(RECORD EXTRACTS Opens)
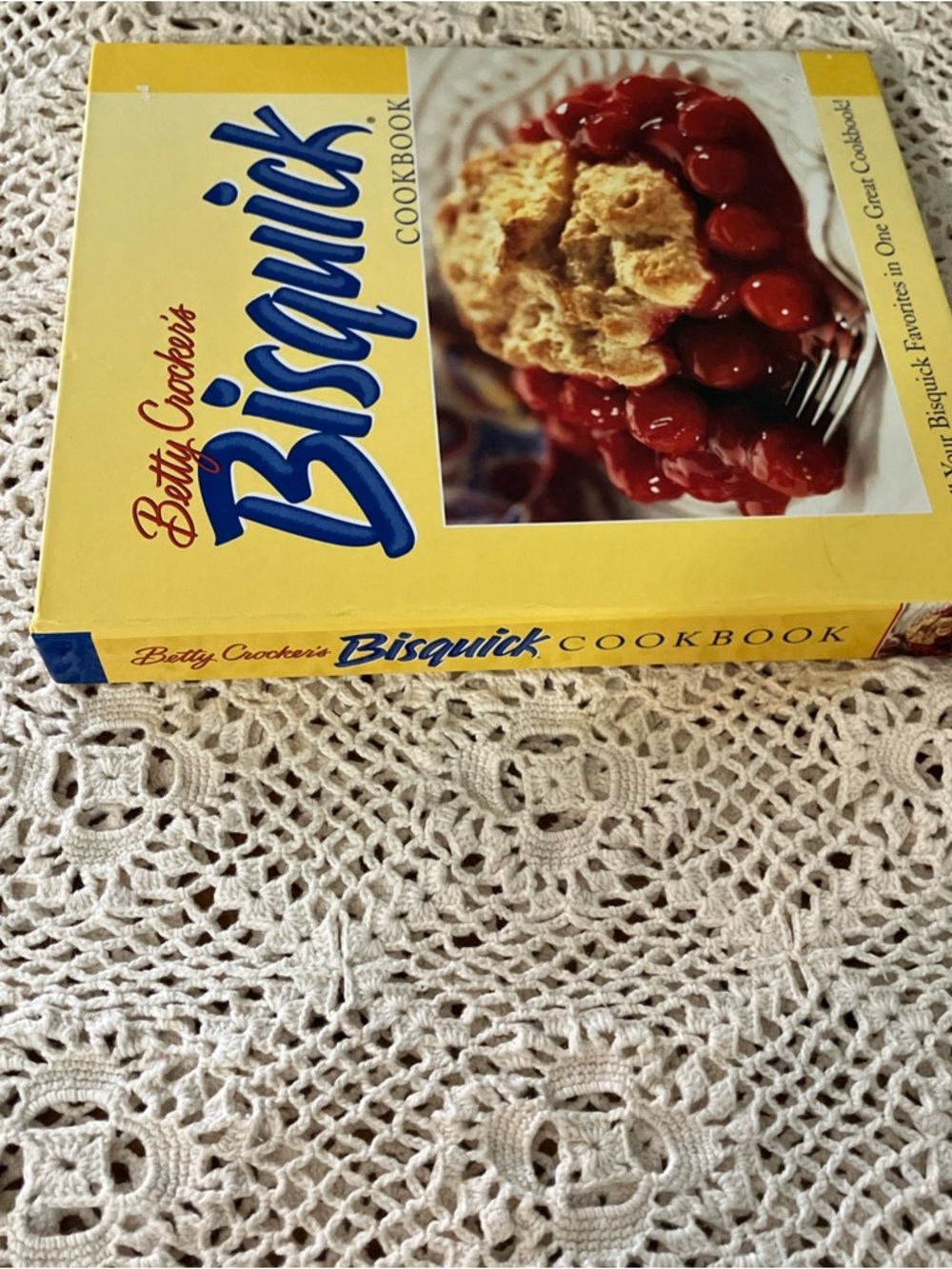 2000 Betty Crocker’s Bisquick Cookbook Recipes Cooking - Picture 2 of 7
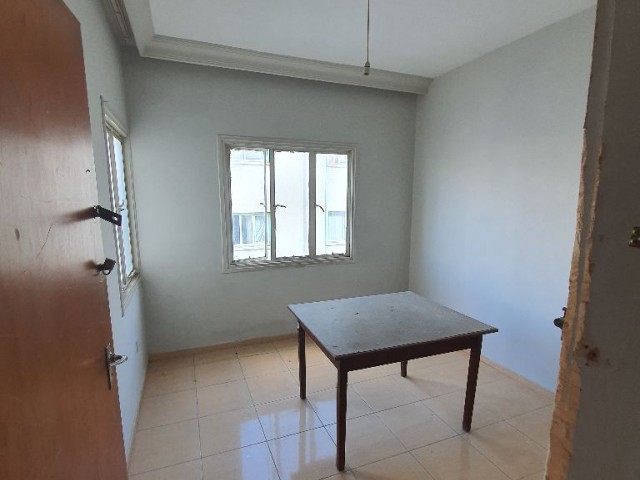 Flat To Rent in Köşklüçiftlik, Nicosia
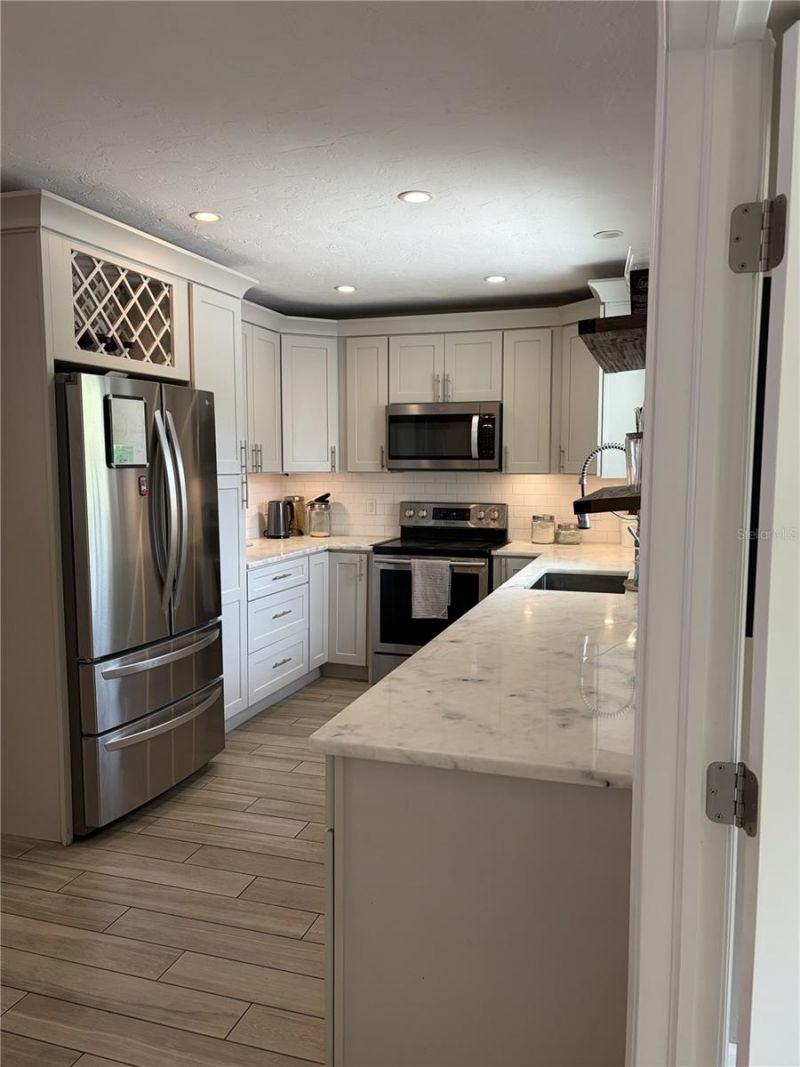 7503 Starfish Drive, Sarasota, FL 34231 Photo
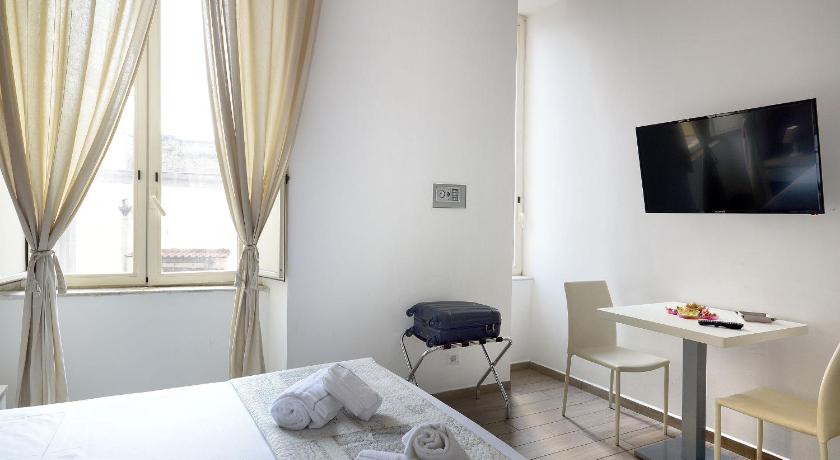 Image of Double Room with Private Bathroom 4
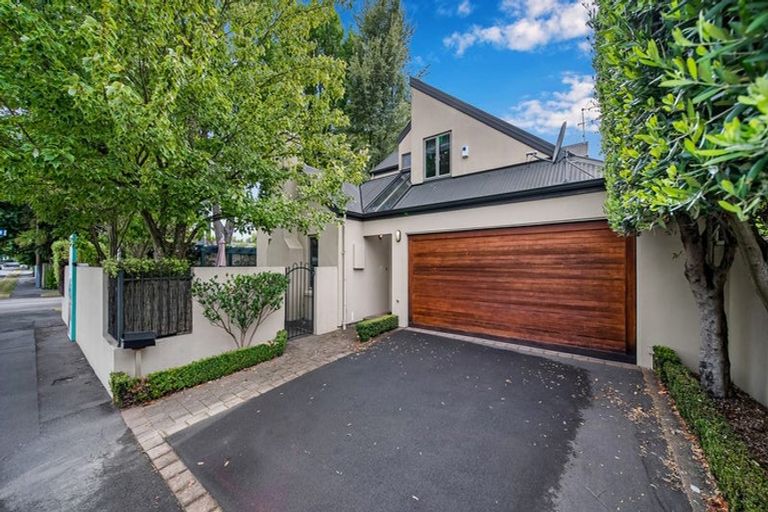 Photo of property in 124 Springfield Road, St Albans, Christchurch, 8014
(RECORD EXTRACTS Closes)
PROBLEM DESCRIPTION: Could you return all of the entries above exactly, without any images?

RESULT OF THIS TASK:
 2000 Betty Crocker’s Bisquick Cookbook Recipes Cooking - Picture 2 of 7
 Flat To Rent in Köşklüçiftlik, Nicosia
 7503 Starfish Drive, Sarasota, FL 34231 Photo
 Image of Double Room with Private Bathroom 4
 Photo of property in 124 Springfield Road, St Albans, Christchurch, 8014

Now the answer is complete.